I'm reading through this paper in dynamical systems, that's using a bit of perturbation theory and operator theory. The authors make the following claim:
Now, since $P_0$ is a projection of rank one, it is easy to compute explicitly its resolvent, namely $$ R_0(ζ) = (P_0 − ζ)^{−1} = \frac{P_0}{1−ζ} − \frac{I−P_0}{ζ} $$
I have no background in operator theory, but I've skimmed through Kato's Perturbation Theory for Linear Operators and done a quick Google search and it's not at all obvious to me where this formula comes from. Does anyone have a source for the resolvent of a rank one projection?

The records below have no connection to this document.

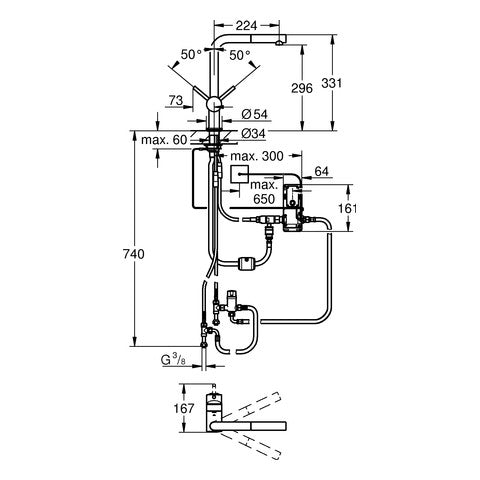 31360001 Grohe Minta Touch izvlečna kuhinjska armatura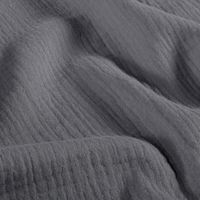 Musselin Stoff Double Gauze uni Grau gewellt gelegt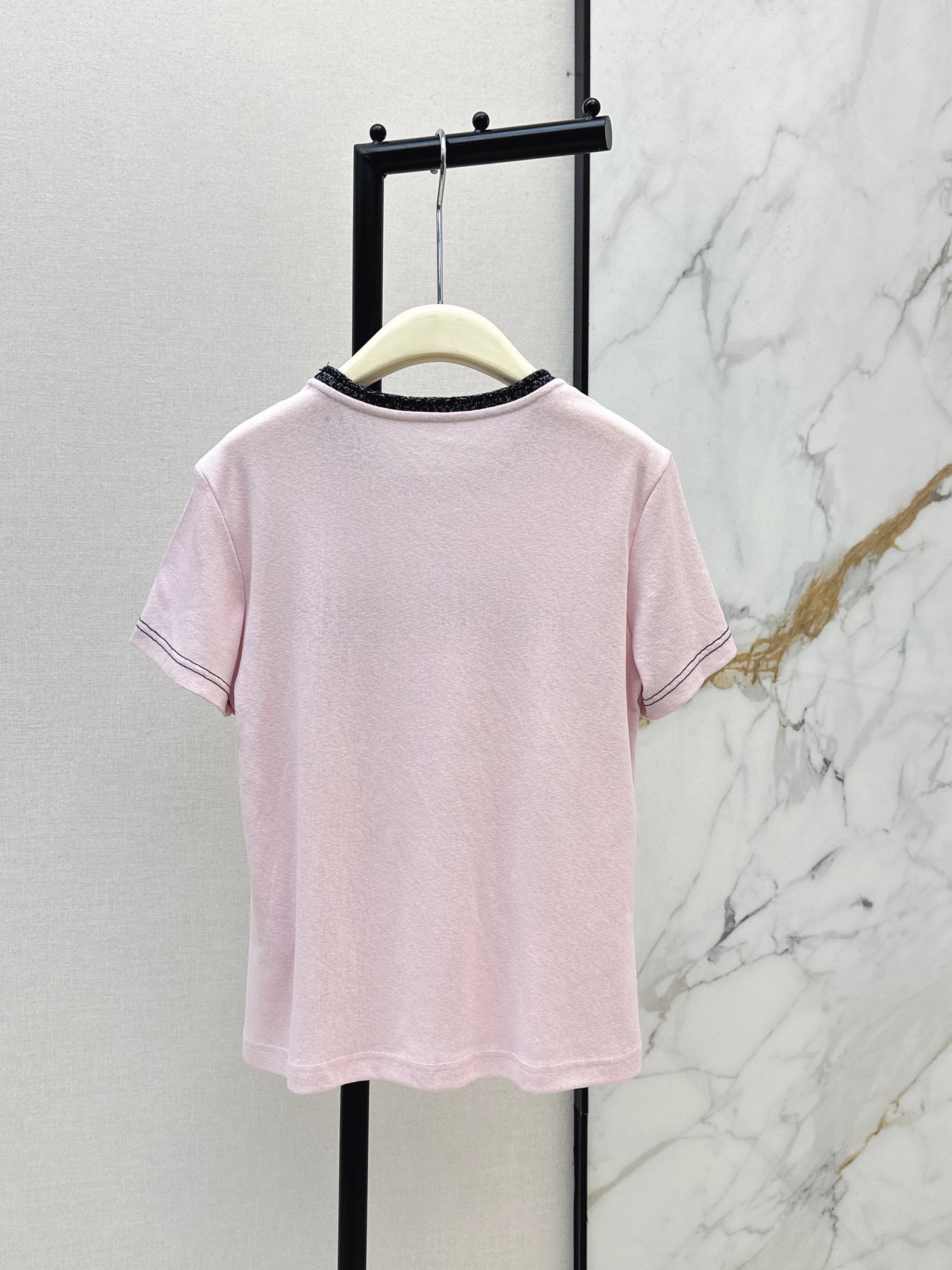 Knitted Embroidered Linen T-Shirt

A geometric series expansions gives you what you want, at least for $|\zeta| > 1$: \begin{align} (P_0-\zeta I)^{-1} &=\left(\zeta\left(\frac{1}{\zeta}P_0-I\right)\right)^{-1} \\ &= -\frac{1}{\zeta}\left(I-\frac{1}{\zeta}P_0\right)^{-1} \\ &= -\frac{1}{\zeta}\left(I+\frac{1}{\zeta}P_0+\frac{1}{\zeta^2}P_0^2+\frac{1}{\zeta^3}P_0^3+\cdots\right) \\ &= -\frac{1}{\zeta}\left(I+\frac{1}{\zeta}\left(1+\frac{1}{\zeta}+\frac{1}{\zeta^2}+\cdots \right)P_0\right) \\ &= -\frac{1}{\zeta}\left(I+\frac{1}{\zeta}\frac{1}{1-1/\zeta}P_0\right) \\ &= -\frac{1}{\zeta}\left(I+\frac{1}{\zeta-1}P_0\right) \\ &=-\frac{1}{\zeta}I-\left(\frac{1}{\zeta-1}-\frac{1}{\zeta}\right)P_0 \\ &=-\frac{1}{\zeta}(I-P_0)-\frac{1}{\zeta-1}P_0. \end{align} Then you can check that the right-hand side is the inverse for all $\zeta\ne 0,1$.